*** Source data Section Begins ***

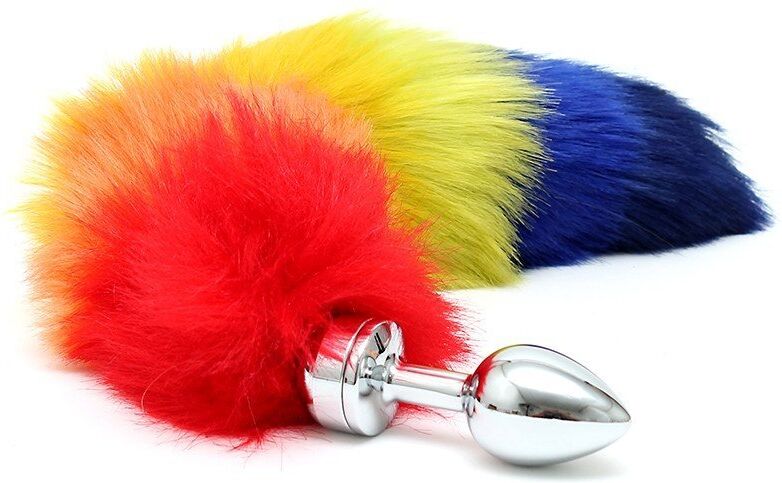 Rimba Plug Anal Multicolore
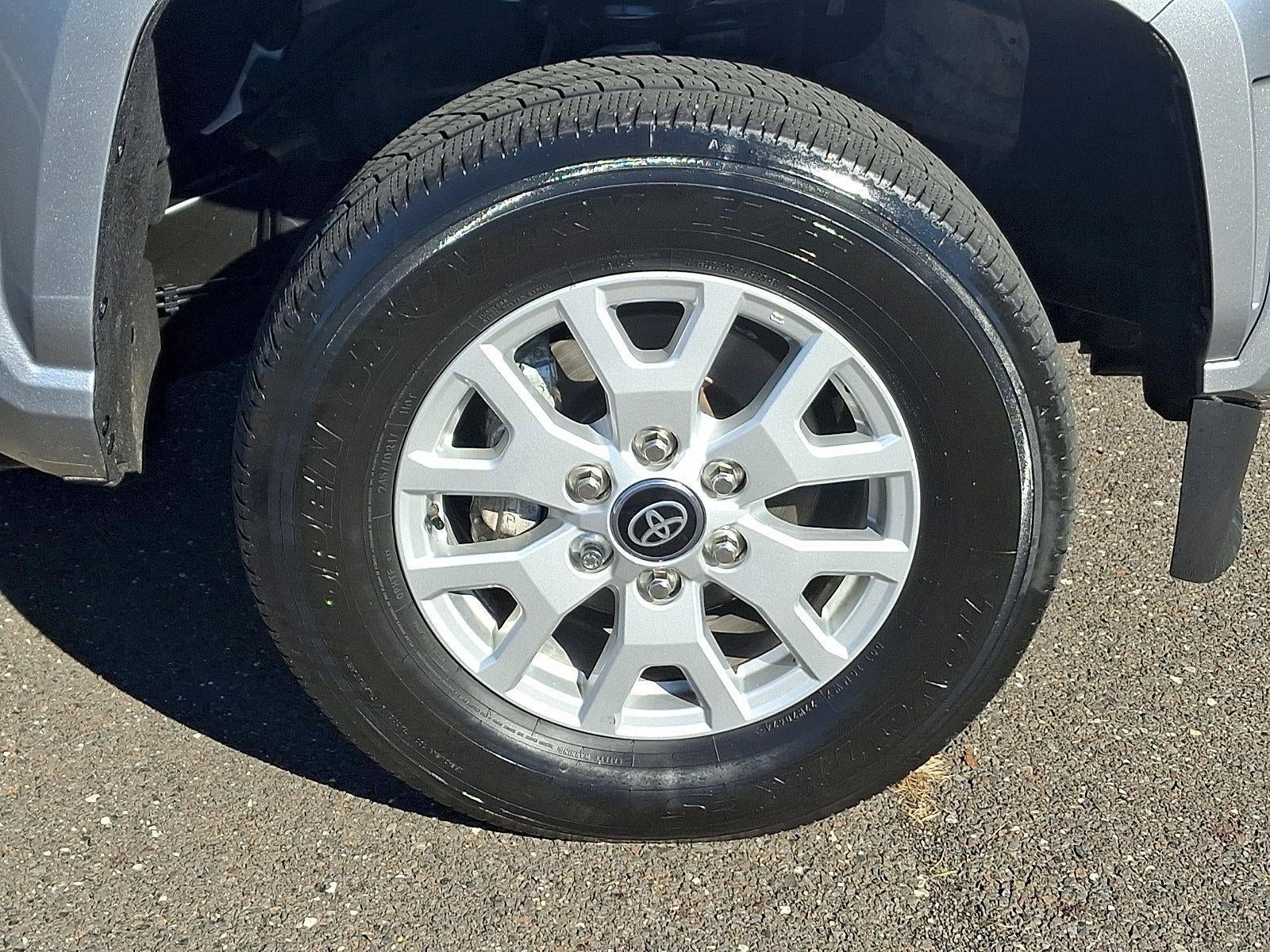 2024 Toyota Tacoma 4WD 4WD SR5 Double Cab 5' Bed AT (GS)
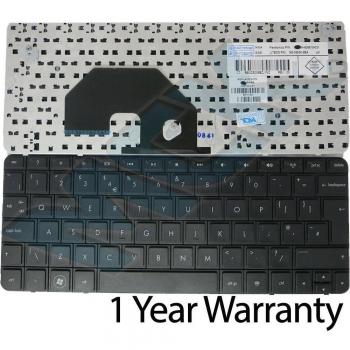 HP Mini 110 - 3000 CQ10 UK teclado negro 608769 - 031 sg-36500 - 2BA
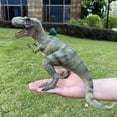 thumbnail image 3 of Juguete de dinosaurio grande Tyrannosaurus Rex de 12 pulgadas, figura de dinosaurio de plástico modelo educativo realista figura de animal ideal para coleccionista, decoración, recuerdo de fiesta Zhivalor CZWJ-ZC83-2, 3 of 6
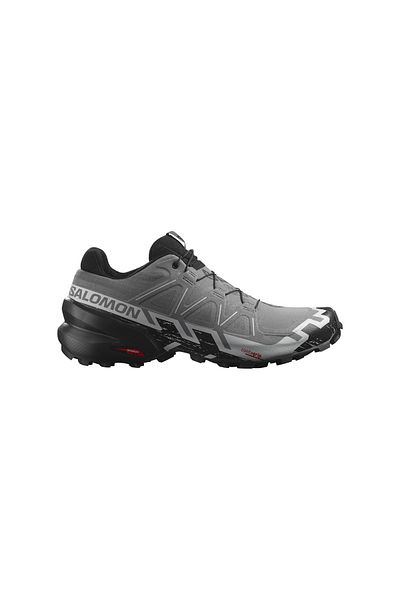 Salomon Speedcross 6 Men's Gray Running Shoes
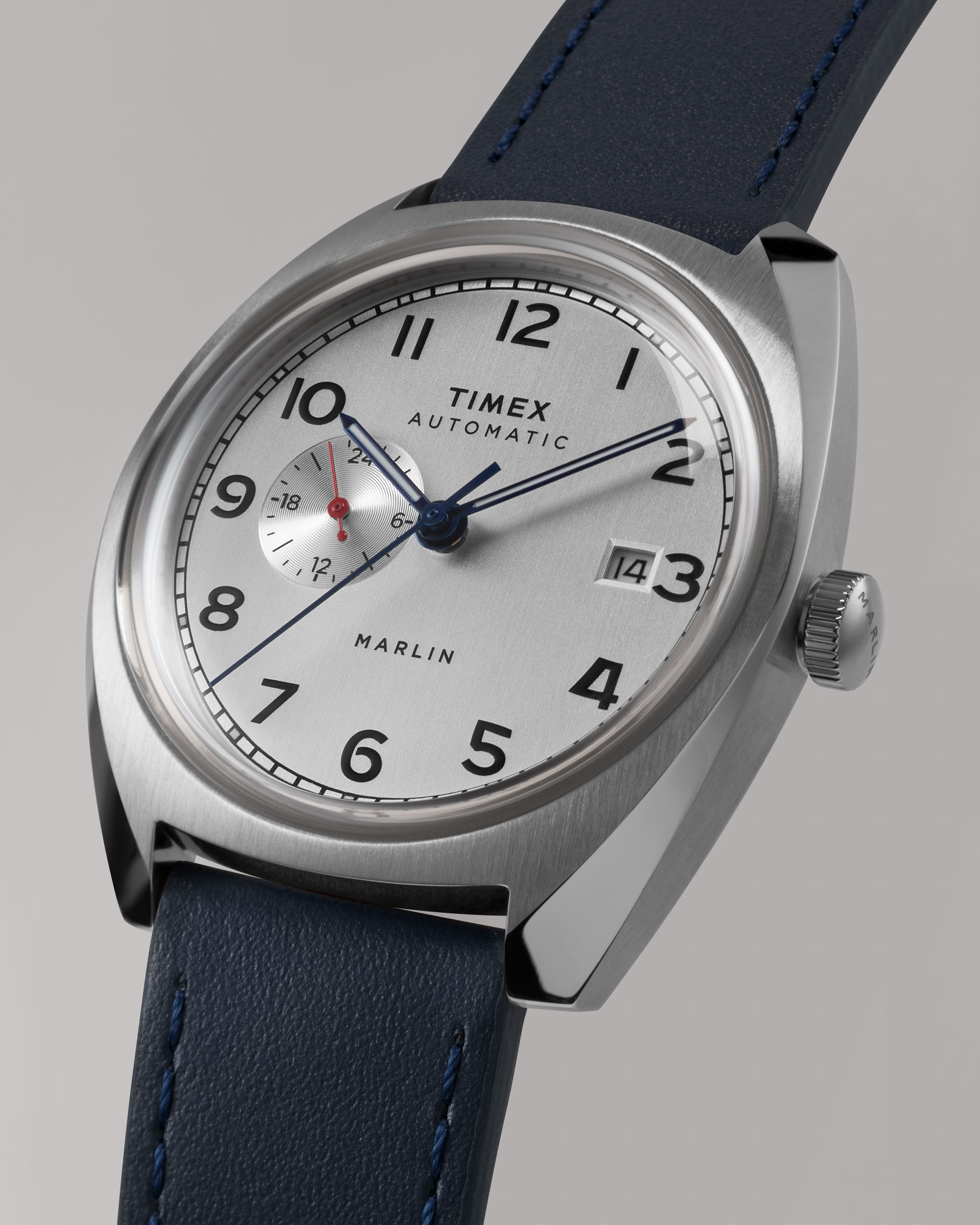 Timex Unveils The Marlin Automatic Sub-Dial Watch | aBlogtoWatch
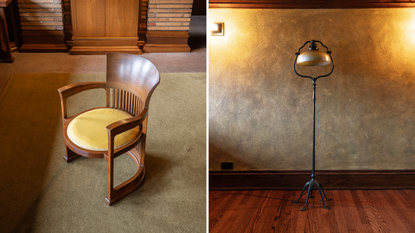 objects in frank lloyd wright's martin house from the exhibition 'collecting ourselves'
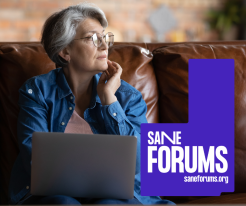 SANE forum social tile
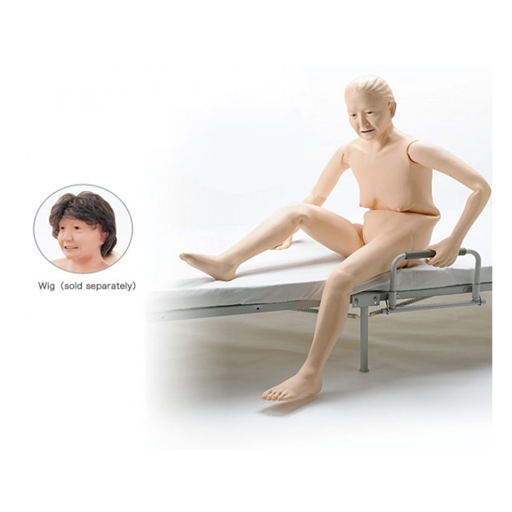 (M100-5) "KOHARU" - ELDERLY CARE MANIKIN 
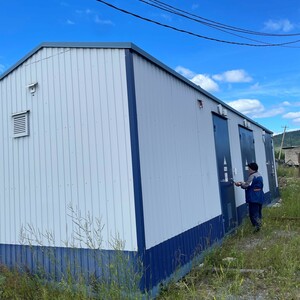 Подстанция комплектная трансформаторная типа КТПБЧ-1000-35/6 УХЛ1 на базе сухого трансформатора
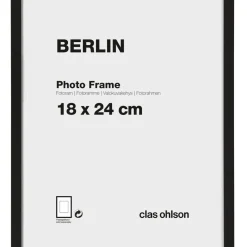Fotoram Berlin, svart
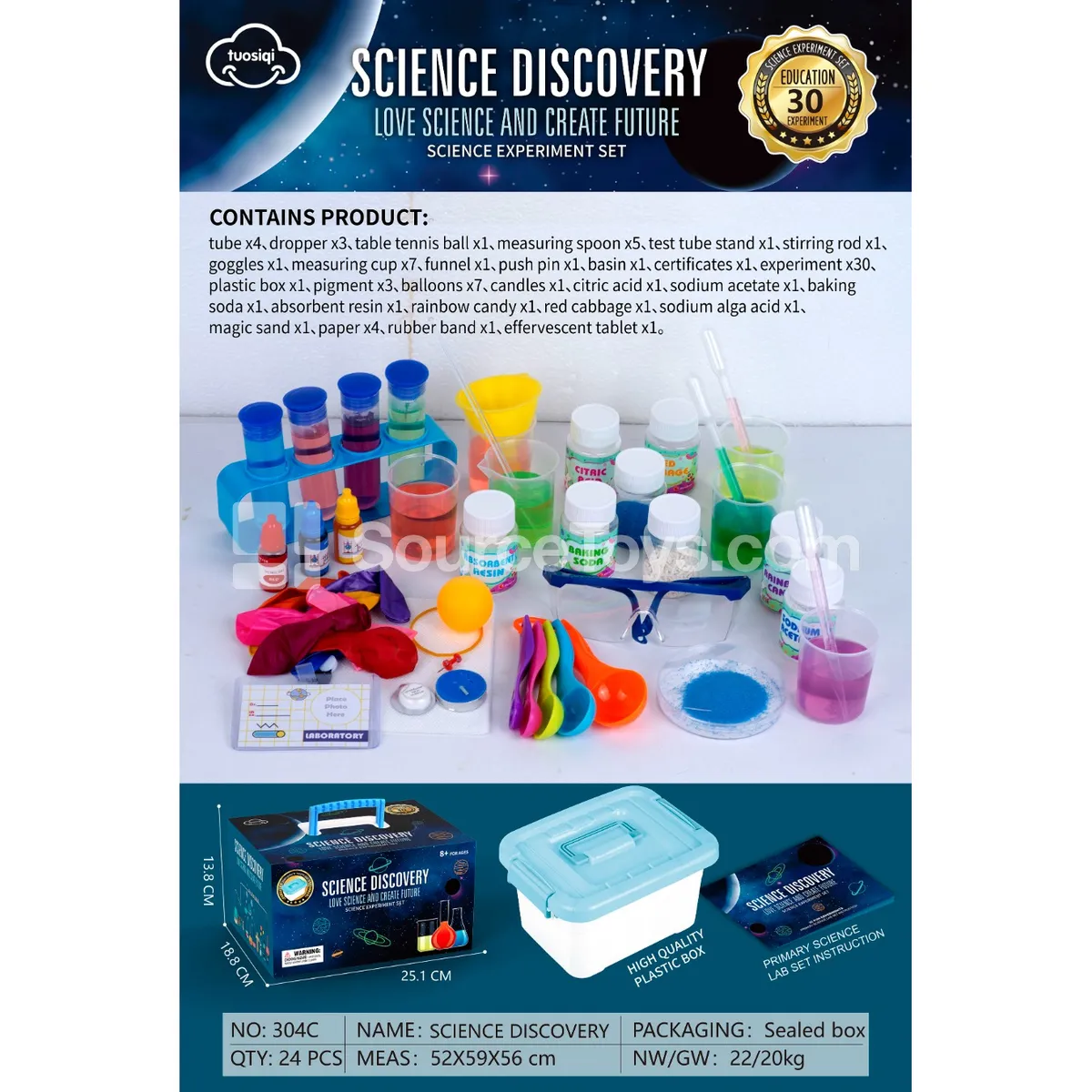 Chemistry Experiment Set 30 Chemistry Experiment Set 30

*** Source data Section Ends ***

— Work item —
Word for word, repeat all of the entries above, leaving out the pictures.

— Result —
 Rimba Plug Anal Multicolore
 2024 Toyota Tacoma 4WD 4WD SR5 Double Cab 5' Bed AT (GS)
 HP Mini 110 - 3000 CQ10 UK teclado negro 608769 - 031 sg-36500 - 2BA
 thumbnail image 3 of Juguete de dinosaurio grande Tyrannosaurus Rex de 12 pulgadas, figura de dinosaurio de plástico modelo educativo realista figura de animal ideal para coleccionista, decoración, recuerdo de fiesta Zhivalor CZWJ-ZC83-2, 3 of 6
 Salomon Speedcross 6 Men's Gray Running Shoes
 Timex Unveils The Marlin Automatic Sub-Dial Watch | aBlogtoWatch
 objects in frank lloyd wright's martin house from the exhibition 'collecting ourselves'
 SANE forum social tile
 (M100-5) "KOHARU" - ELDERLY CARE MANIKIN 
 Подстанция комплектная трансформаторная типа КТПБЧ-1000-35/6 УХЛ1 на базе сухого трансформатора
Fotoram Berlin, svart
 Chemistry Experiment Set 30 Chemistry Experiment Set 30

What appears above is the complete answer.